Records contained in a dataset:

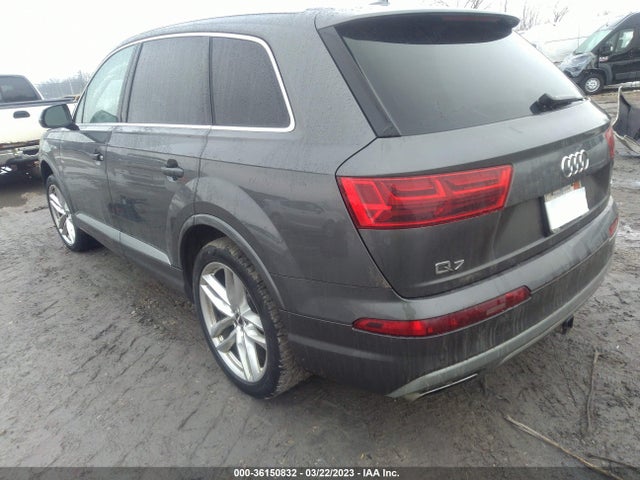 WA1VAAF77JD035586 Audi Q7 Prestige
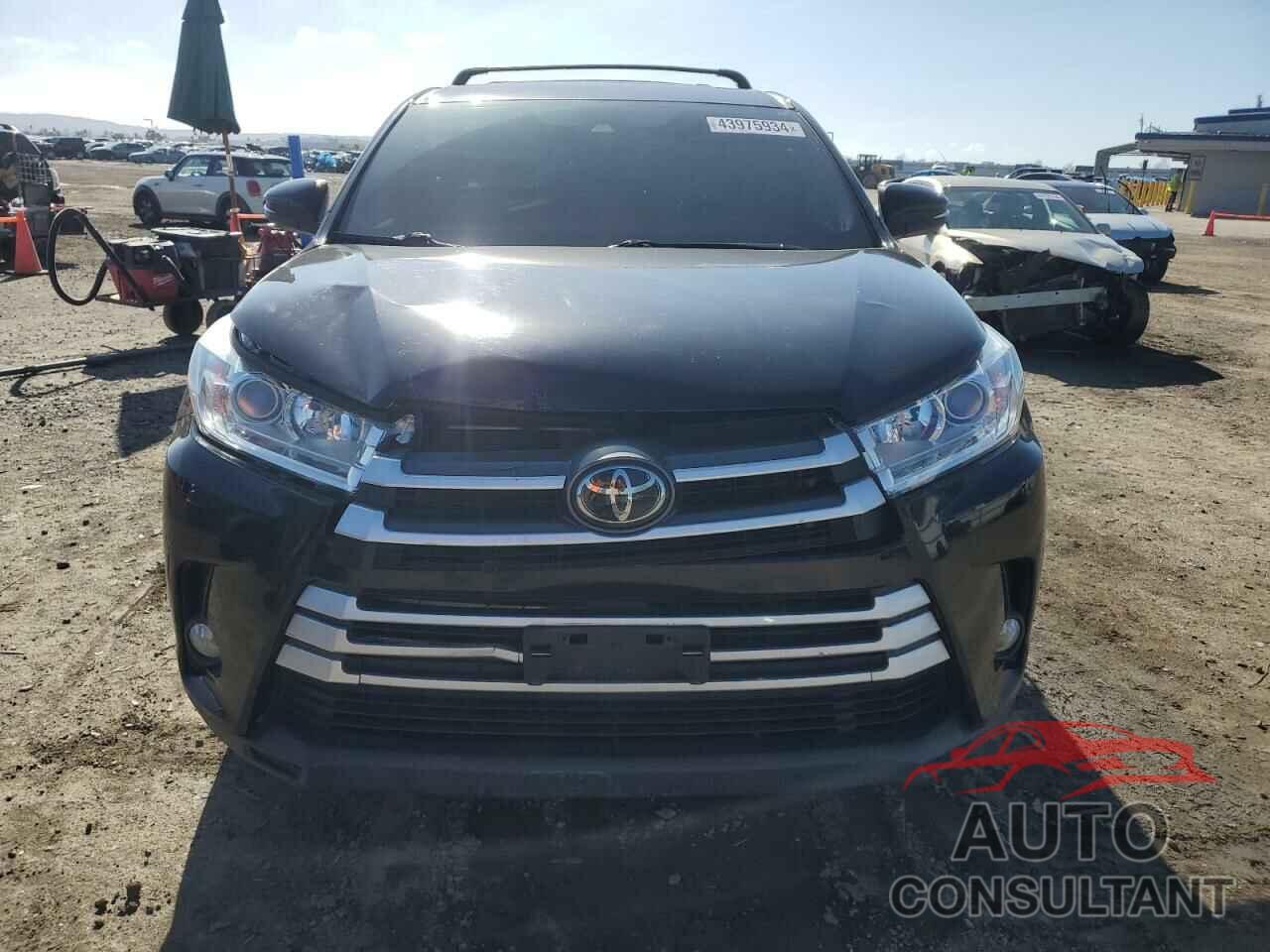 TOYOTA HIGHLANDER 2019 - 5TDZZRFH2KS318099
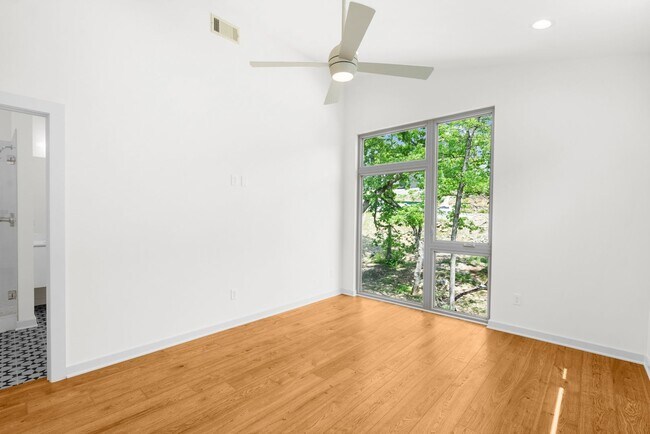 Building Photo - 3038 Edwin Cir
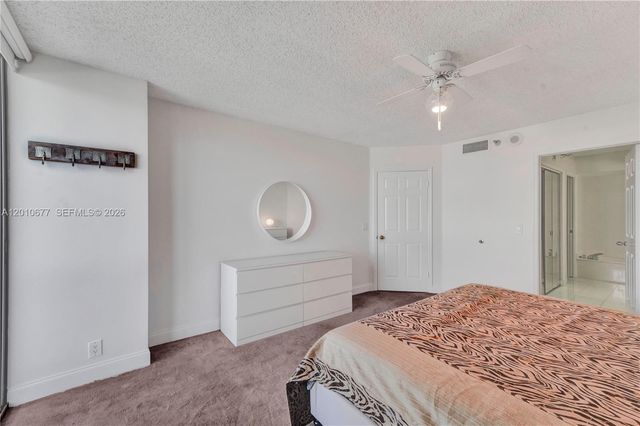 3500 Mystic Pointe Dr 3302, Aventura, FL 33180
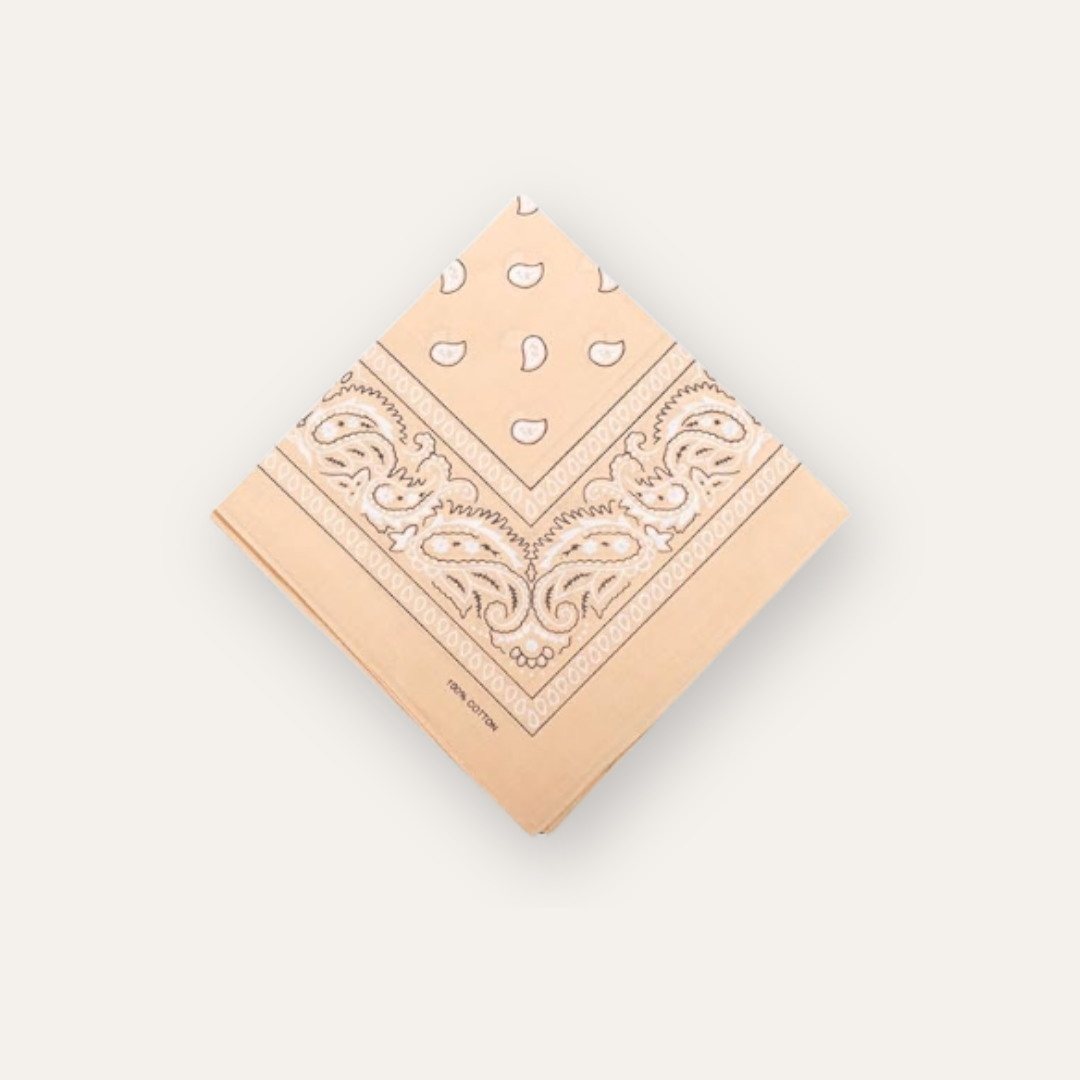 Een beige bandana scarf met personalisatie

### Work to complete
Print every line above once more, exactly. Omit the pictures.

### The answer
 WA1VAAF77JD035586 Audi Q7 Prestige
 TOYOTA HIGHLANDER 2019 - 5TDZZRFH2KS318099
 Building Photo - 3038 Edwin Cir
 3500 Mystic Pointe Dr 3302, Aventura, FL 33180
 Een beige bandana scarf met personalisatie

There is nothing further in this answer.